6 El acto de “levantar la sombra”, según los relatos recogidos en campo, se refiere a la recuperación de una parte del espíritu perdida debido a factores como el susto o el temor. Aunque una persona puede seguir viviendo tras esta pérdida, eventualmente será necesario reintegrar esa parte del espíritu, pues de lo contrario, la persona podría enfermar. Esta práctica va más allá de una “limpia”, siendo un proceso profundo que responde a la necesidad de recuperar una parte del ser que se ha extraviado o debilitado. Desde la perspectiva tutunakú, cuando una persona experimenta un fuerte impacto emocional, como un susto, su sombra o una porción de su espíritu puede “caer” o “perderse”. En este contexto, “levantar la sombra” es un esfuerzo ritual por restaurar el equilibrio espiritual, permitiendo que el espíritu regrese a su lugar y mantenga su función vital. Este proceso es fundamental para garantizar la salud y el bienestar, ya que la ausencia de esa parte del espíritu puede generar malestar físico y emocional a largo plazo.
7 En este sentido, el Costumbre puede entenderse como parte de un ensamblaje dinámico, tal como lo proponen Deleuze y Guattari (1988) que refleja la noción de multiplicidad y de agenciamiento distribuido.
8 Este ejemplo subraya cómo los sistemas materiales son capaces de producir efectos de gran escala que no pueden ser controlados o reducidos a decisiones humanas individuales. Entonces, la materia se redefine como una entidad vibrante y con agencia. Su materialismo vitalista rompe con la dicotomía entre humano y no-humano, sugiriendo que la materia influye en las dinámicas sociales, políticas y ambientales (Bennett, 2010). Esto implica nuevas consideraciones éticas sobre nuestra relación con el entorno material.
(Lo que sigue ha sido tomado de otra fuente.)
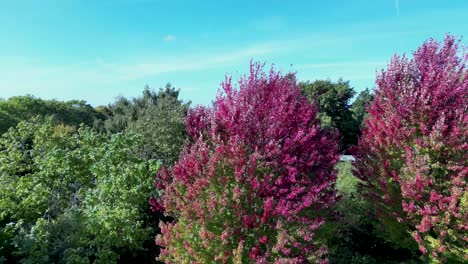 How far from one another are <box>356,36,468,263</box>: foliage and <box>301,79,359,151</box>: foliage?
22.6 metres

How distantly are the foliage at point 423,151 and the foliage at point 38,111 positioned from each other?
16.1 m

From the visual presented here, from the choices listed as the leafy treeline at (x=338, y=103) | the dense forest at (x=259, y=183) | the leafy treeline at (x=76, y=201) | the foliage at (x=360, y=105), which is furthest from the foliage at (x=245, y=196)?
the foliage at (x=360, y=105)

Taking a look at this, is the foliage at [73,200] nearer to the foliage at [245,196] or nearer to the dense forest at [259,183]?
the dense forest at [259,183]

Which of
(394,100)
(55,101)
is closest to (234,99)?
(394,100)

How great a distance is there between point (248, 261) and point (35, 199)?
15.0 feet

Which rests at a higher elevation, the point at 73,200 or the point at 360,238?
the point at 73,200

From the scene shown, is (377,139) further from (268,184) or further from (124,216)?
(124,216)

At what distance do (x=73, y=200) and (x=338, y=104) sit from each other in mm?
27227

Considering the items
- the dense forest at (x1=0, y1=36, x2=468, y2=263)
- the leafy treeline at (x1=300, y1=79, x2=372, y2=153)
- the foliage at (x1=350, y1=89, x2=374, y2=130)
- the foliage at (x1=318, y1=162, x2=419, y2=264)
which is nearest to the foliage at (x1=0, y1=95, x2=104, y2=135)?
the dense forest at (x1=0, y1=36, x2=468, y2=263)

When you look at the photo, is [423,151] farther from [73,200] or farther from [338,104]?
[338,104]

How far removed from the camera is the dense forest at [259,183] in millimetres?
4664

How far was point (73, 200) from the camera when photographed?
721cm

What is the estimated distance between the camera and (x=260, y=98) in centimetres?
600

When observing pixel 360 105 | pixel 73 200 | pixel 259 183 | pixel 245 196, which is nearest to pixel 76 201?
pixel 73 200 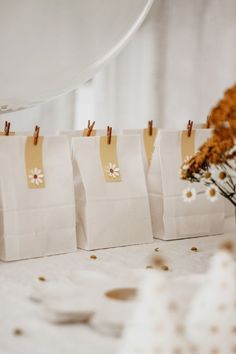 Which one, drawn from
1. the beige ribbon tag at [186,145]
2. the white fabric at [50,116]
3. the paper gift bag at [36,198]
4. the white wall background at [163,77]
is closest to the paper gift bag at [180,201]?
the beige ribbon tag at [186,145]

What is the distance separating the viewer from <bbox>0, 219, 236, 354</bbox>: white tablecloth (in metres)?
1.05

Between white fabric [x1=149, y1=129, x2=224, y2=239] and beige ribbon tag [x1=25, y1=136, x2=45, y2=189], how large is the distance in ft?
1.20

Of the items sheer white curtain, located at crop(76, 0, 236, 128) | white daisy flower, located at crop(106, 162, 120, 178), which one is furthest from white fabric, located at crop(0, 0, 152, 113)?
sheer white curtain, located at crop(76, 0, 236, 128)

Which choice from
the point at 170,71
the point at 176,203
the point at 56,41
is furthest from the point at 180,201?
the point at 170,71

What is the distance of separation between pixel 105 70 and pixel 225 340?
121 inches

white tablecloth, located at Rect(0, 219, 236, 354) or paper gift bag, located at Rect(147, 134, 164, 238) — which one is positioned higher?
paper gift bag, located at Rect(147, 134, 164, 238)

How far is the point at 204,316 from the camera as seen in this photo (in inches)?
36.9

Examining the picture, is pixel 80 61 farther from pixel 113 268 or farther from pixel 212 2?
pixel 212 2

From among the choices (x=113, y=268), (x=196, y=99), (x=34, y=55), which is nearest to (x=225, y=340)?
(x=113, y=268)

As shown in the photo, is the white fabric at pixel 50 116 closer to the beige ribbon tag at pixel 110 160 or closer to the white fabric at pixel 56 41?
the beige ribbon tag at pixel 110 160

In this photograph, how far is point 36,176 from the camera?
182 cm

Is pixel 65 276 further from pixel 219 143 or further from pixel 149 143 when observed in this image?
pixel 149 143

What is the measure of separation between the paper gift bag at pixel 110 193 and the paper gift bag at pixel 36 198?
1.8 inches

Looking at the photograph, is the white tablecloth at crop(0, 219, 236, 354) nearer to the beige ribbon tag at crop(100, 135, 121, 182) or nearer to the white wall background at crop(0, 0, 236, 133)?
the beige ribbon tag at crop(100, 135, 121, 182) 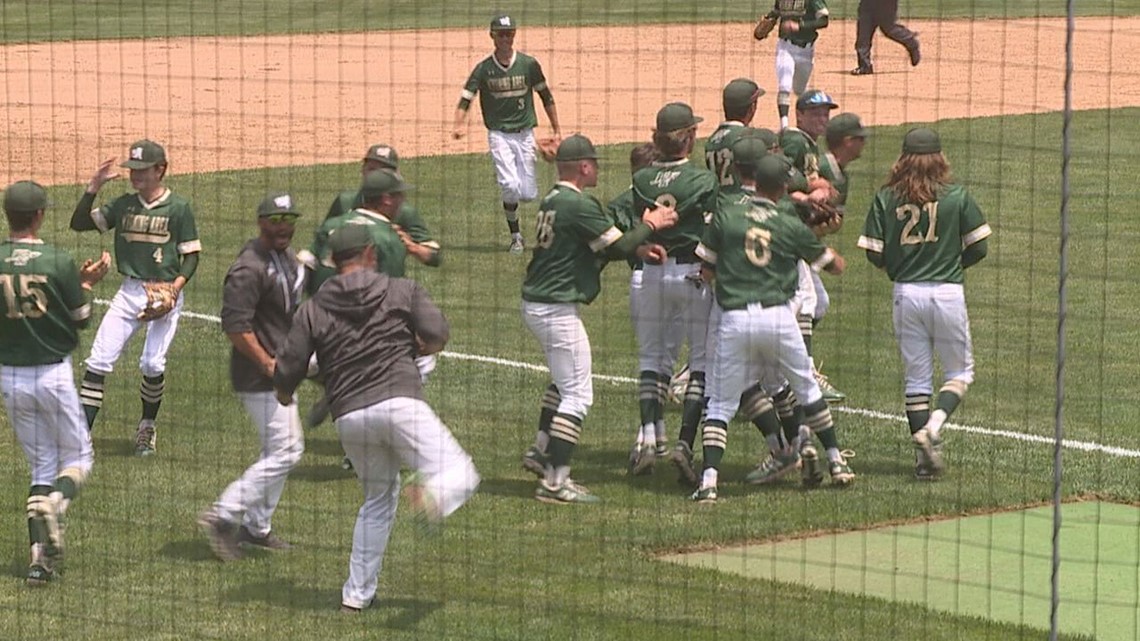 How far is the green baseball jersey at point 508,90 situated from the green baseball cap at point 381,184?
722cm

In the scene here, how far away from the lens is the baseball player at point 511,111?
18438 mm

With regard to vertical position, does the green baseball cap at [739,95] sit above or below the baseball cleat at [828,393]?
above

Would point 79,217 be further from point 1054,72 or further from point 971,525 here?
point 1054,72

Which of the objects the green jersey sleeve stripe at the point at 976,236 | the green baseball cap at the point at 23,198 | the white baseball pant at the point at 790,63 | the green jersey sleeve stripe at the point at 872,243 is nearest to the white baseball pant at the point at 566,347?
the green jersey sleeve stripe at the point at 872,243

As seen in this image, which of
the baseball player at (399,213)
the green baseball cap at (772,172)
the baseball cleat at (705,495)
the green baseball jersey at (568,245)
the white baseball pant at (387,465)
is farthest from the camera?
the baseball player at (399,213)

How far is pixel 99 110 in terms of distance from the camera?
24859 millimetres

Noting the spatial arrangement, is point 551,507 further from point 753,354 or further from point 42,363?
point 42,363

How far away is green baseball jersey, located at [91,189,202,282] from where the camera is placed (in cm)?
1269

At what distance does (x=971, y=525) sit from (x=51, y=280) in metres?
4.94

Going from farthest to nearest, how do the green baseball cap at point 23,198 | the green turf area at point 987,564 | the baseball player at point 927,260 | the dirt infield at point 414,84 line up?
the dirt infield at point 414,84, the baseball player at point 927,260, the green baseball cap at point 23,198, the green turf area at point 987,564

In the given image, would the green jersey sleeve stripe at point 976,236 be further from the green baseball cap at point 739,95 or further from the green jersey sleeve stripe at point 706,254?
the green baseball cap at point 739,95

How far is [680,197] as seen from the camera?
1211 cm

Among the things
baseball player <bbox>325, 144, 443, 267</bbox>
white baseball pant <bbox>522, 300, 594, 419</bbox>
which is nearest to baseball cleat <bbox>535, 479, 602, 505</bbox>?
white baseball pant <bbox>522, 300, 594, 419</bbox>

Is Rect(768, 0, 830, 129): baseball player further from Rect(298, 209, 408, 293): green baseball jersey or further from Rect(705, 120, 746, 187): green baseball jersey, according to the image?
Rect(298, 209, 408, 293): green baseball jersey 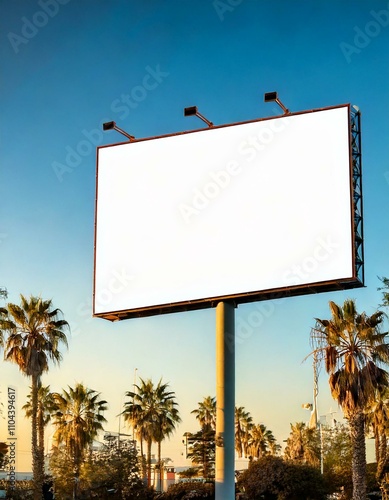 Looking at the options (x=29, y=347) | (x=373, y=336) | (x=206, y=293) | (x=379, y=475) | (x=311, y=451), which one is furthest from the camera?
(x=311, y=451)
9 Para las poblaciones “mestizas”, las prácticas culturales de los tutunakú se perciben como vestigios de un atraso económico y social, o como manifestaciones de “ignorancia” que obstaculizan el progreso. Esta visión refleja una tensión ontológica profunda, donde los mestizos valoran el desarrollo desde una perspectiva modernista y lineal, mientras que los tutunakú operan bajo una concepción relacional del territorio. Los grupos mestizos, habiendo adoptado valores hegemónicos de la modernidad, interpretan las prácticas indígenas como opuestas al progreso, generando fricciones entre ambas realidades. Esta jerarquía ontológica, donde lo “moderno” prevalece sobre lo “tradicional”, configura sus sociabilidades de manera distinta. Desde un enfoque ontológico, estas tensiones se materializan en confrontaciones sobre el uso del territorio, el valor del conocimiento indígena y las formas de vida comunitaria. Las interacciones entre mestizos y tutunakú están marcadas por estas discrepancias, que subrayan las diferentes formas de entender y habitar el territorio.